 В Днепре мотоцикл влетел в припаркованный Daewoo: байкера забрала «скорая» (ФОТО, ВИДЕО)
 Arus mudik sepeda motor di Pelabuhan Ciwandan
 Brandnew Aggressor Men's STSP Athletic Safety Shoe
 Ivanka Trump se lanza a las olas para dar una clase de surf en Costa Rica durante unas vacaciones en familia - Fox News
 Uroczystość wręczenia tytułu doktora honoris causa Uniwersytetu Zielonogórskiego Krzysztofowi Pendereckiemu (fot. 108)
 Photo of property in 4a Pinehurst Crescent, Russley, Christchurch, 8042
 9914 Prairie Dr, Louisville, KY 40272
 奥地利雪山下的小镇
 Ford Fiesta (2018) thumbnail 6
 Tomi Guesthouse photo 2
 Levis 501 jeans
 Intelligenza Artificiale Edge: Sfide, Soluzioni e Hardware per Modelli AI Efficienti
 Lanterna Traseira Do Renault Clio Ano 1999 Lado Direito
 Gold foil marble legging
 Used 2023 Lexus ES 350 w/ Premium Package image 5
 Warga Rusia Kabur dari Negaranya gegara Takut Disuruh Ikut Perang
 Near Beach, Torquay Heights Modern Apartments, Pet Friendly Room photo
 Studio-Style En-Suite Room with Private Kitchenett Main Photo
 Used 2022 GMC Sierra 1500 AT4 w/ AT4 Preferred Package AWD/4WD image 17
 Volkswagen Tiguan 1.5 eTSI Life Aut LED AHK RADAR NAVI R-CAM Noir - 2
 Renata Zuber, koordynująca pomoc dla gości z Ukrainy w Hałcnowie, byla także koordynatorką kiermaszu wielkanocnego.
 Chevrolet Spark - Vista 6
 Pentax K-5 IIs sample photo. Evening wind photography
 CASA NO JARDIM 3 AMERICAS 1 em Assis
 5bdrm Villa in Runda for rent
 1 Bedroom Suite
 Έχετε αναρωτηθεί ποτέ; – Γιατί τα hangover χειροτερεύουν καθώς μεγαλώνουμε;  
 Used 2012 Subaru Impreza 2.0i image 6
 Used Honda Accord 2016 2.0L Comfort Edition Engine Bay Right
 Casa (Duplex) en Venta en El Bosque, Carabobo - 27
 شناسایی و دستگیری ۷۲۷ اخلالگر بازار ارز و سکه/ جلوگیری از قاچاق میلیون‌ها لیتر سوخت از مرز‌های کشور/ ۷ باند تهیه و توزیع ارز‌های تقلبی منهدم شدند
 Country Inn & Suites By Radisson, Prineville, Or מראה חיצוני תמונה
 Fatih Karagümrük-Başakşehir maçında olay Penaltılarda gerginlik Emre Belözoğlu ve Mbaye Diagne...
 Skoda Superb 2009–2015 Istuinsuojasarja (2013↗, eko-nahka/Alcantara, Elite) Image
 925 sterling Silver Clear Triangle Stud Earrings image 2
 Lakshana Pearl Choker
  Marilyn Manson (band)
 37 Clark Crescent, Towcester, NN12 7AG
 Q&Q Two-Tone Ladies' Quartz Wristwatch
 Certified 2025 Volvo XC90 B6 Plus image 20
# # # # #
### WHAT THE EXERCISE ASKS
In the listing above, locate the line containing "Used Honda Accord" and the line containing "Lakshana Pearl Choker", then transcribe both and every line between them verbatim.

### RESULT OF THIS EXERCISE
 Used Honda Accord 2016 2.0L Comfort Edition Engine Bay Right
 Casa (Duplex) en Venta en El Bosque, Carabobo - 27
 شناسایی و دستگیری ۷۲۷ اخلالگر بازار ارز و سکه/ جلوگیری از قاچاق میلیون‌ها لیتر سوخت از مرز‌های کشور/ ۷ باند تهیه و توزیع ارز‌های تقلبی منهدم شدند
 Country Inn & Suites By Radisson, Prineville, Or מראה חיצוני תמונה
 Fatih Karagümrük-Başakşehir maçında olay Penaltılarda gerginlik Emre Belözoğlu ve Mbaye Diagne...
 Skoda Superb 2009–2015 Istuinsuojasarja (2013↗, eko-nahka/Alcantara, Elite) Image
 925 sterling Silver Clear Triangle Stud Earrings image 2
 Lakshana Pearl Choker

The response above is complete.